UV Spectrograph, part of the Miniature Integrated Camera And Spectrometer on Deep Space 1. NASA - Launched October 24, 1998.
Photek are partners in the TORCH project at CERN to produce a new detector for the LHCb upgrade. A concurrent collaboration with Arradiance, USA to develop protective vacuum coatings for electron multipliers has shown ALD-coated photomultipliers can cope with the much higher flux required in particle detector applications.

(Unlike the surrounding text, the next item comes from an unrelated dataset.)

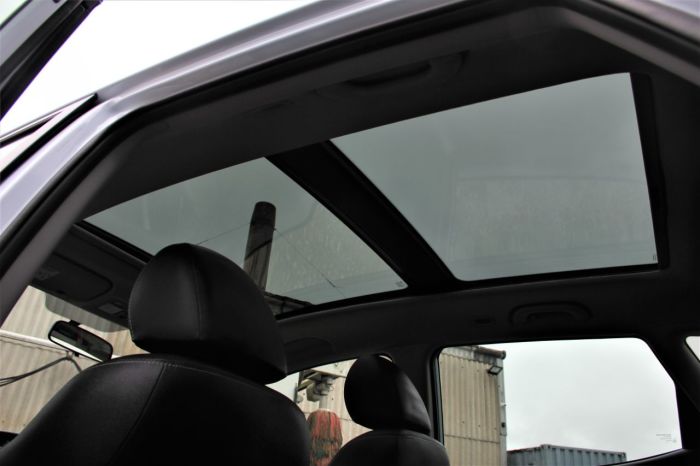 Kia Venga 1.6 CRDi ISG 4 5dr Hatchback Diesel White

Photek were the first to commercialise Velocity Map Imaging technology, offering VMI ion optics and related instrumentation for physical chemistry and laser physics research applications. VMI is a variation of charged-particle imaging that offers high velocity resolution, unlocking information on fundamental chemical structure or the characteristics of the intense, ultra-short laser-particle interaction. VMI was used as a ‘quantum microscope’ to take the first ever ‘photograph’ inside a hydrogen atom in 2013.
Unusual Applications
Fluorescence imaging of Michaelangelo's David, proves a non-destructive method for chemical testing of artwork surfaces. Using an image intensifier with 5ns time windows after a 1ns 337 nm laser exposure the fluorescence decay was measured over 100ns to obtain a map of the different surface chemicals to reveal ancient repairs and preservation methods.

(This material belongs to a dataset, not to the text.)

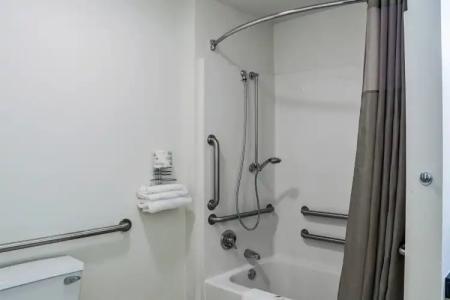 Motel 6-Duluth, MN - 17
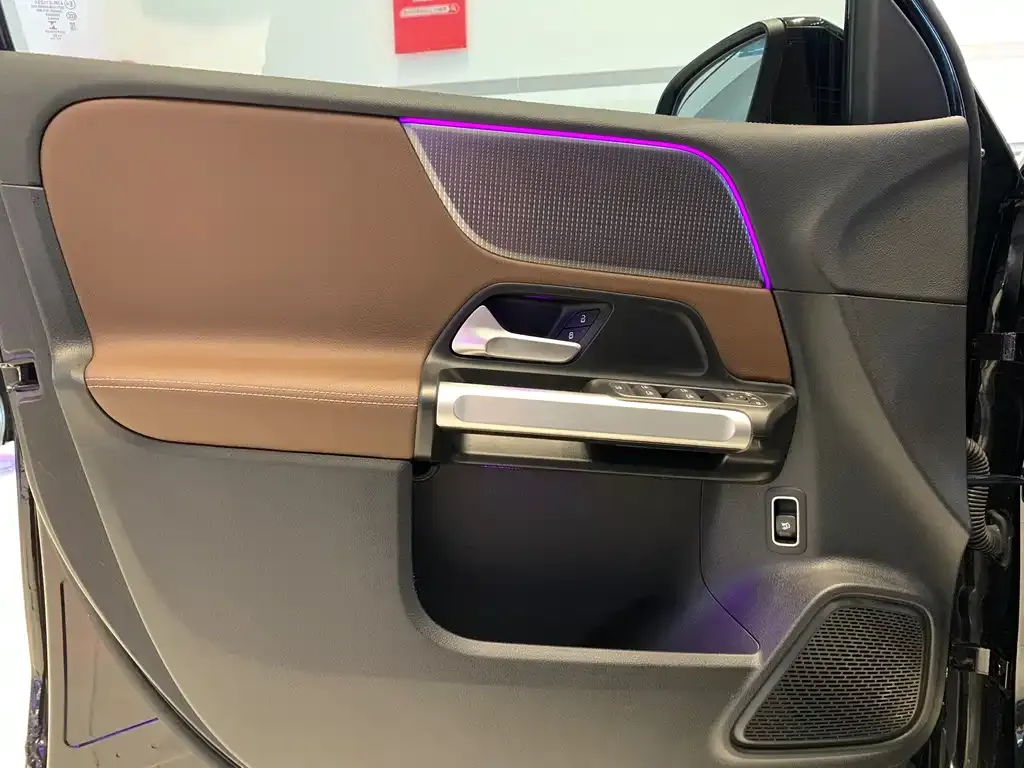 Mercedes-Benz GLB 2022 из CN, фото 5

Bio-photon emission can provide information about chemical processes in living organisms. The low intensity emissions can even be detected after attenuation through other tissue when using an image intensifier with sufficient gain. An image intensifier with 200 um spatial resolution and 10us time resolution was used to analyse the effects of hyperoxia by the bio-photon emission from oxidation reactions. This damage is of particular concern in the brain as it consumes 20% of the oxygen in the body and is composed largely of fatty tissues that are susceptible to this oxidative stress.